I've mentioned them maybe 3 times in the last 3 or 4 years besides this thread. You post your grievances with them often including this thread. I also don't work for them.

Do you know what irony is?
 
If this is the place I think it is , your boss is a cool guy . His son is a nice kid too.
Your heart is definitely in the right place.

I have been working the same job , for the same owner, almost 15 years. I've had tons of big ideas that I offered him in that time. He's never once even pretended to be interested in my ideas.
So i hold down my corner and cash my paychecks. All is as it should be.
 
If this is the place I think it is , your boss is a cool guy . His son is a nice kid too.
Your heart is definitely in the right place.

I have been working the same job , for the same owner, almost 15 years. I've had tons of big ideas that I offered him in that time. He's never once even pretended to be interested in my ideas.
So i hold down my corner and cash my paychecks.
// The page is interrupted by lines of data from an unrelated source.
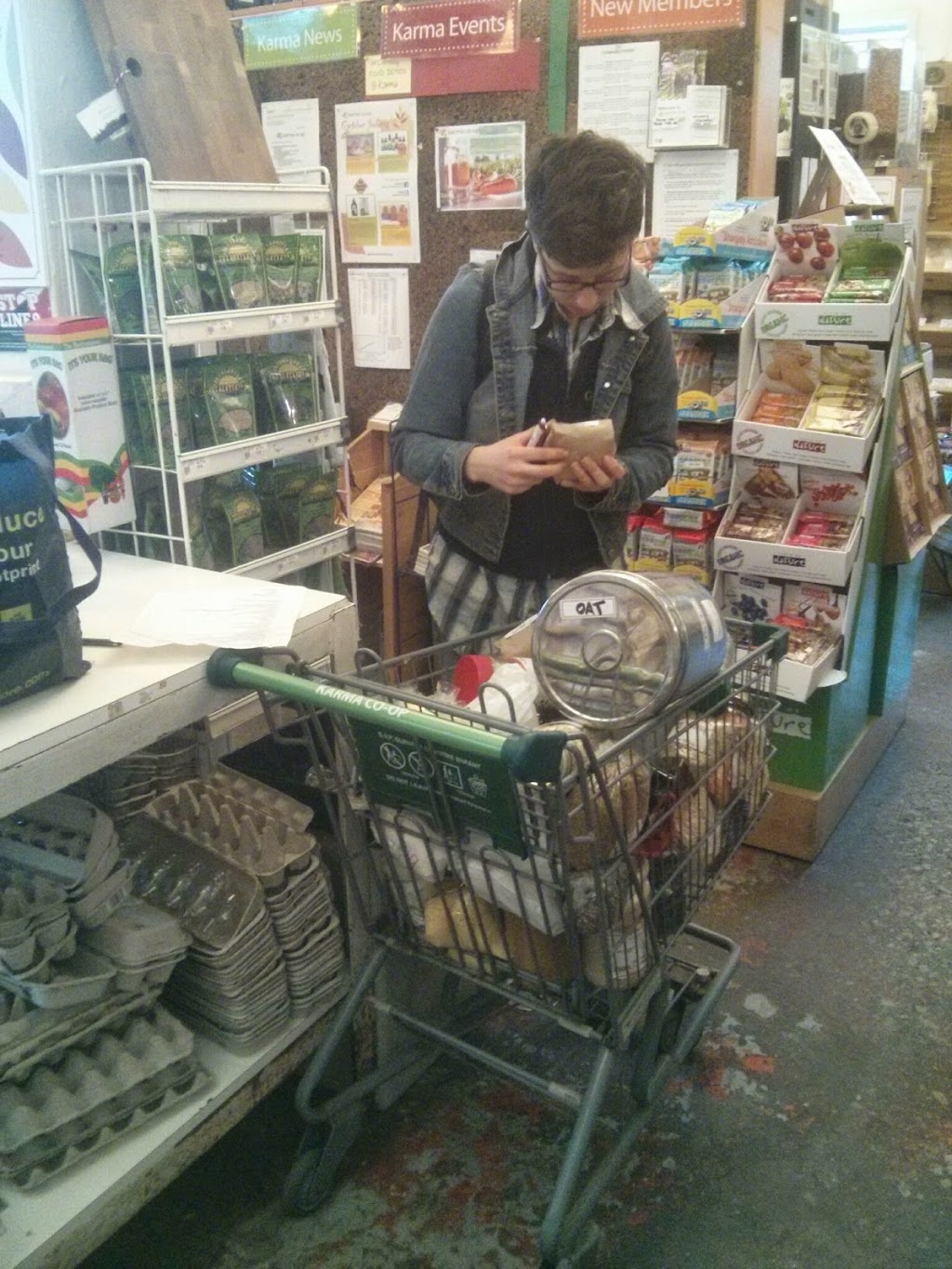Karma Co-Op Food Store | 739 Palmerston Ave, Toronto, ON M6G 2R3, Canada | Phone: (416) 534-1470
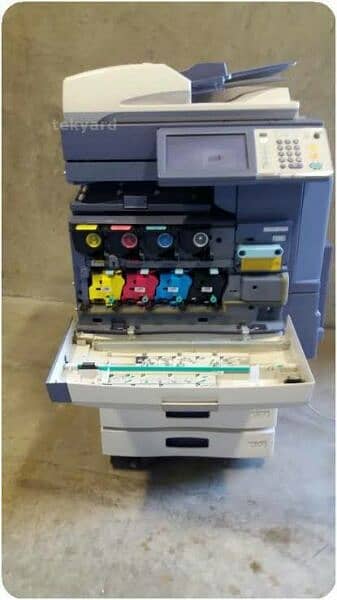 Photocopier Machine sale and repairing center spare part toner 3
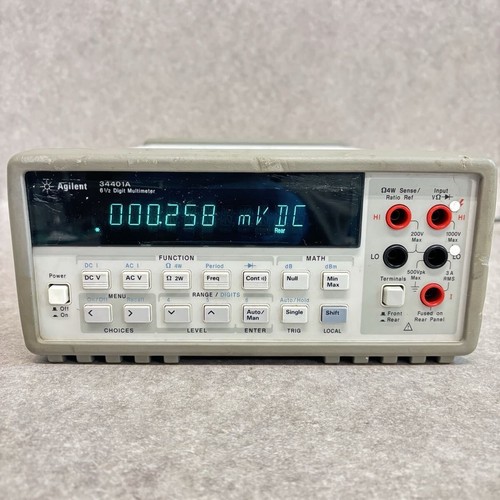 Agilent 34401a digital - 34401a,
All is as it should be.
The father son combo were employees and have since both bailed. They were both very nice and I had worked with them often for many years as a customer. I started temporarily helping out the owner after the measure 114 debacle occurred and they asked me to stay on.
 
I had a FFL buddy (gun smith) called me and ask if I might be interested in purchasing some guns. He had a buddy that was relocating to a new base and didn't want the hassle of having his guns in base housing.

I ended up with a Star .22lr pistol, a CZ45 (.25acp) and an Enfield Mark IV revolver converted to .45acp. The price was too cheap to pass up. This was back when person to person sales were permitted without an FFL and background check.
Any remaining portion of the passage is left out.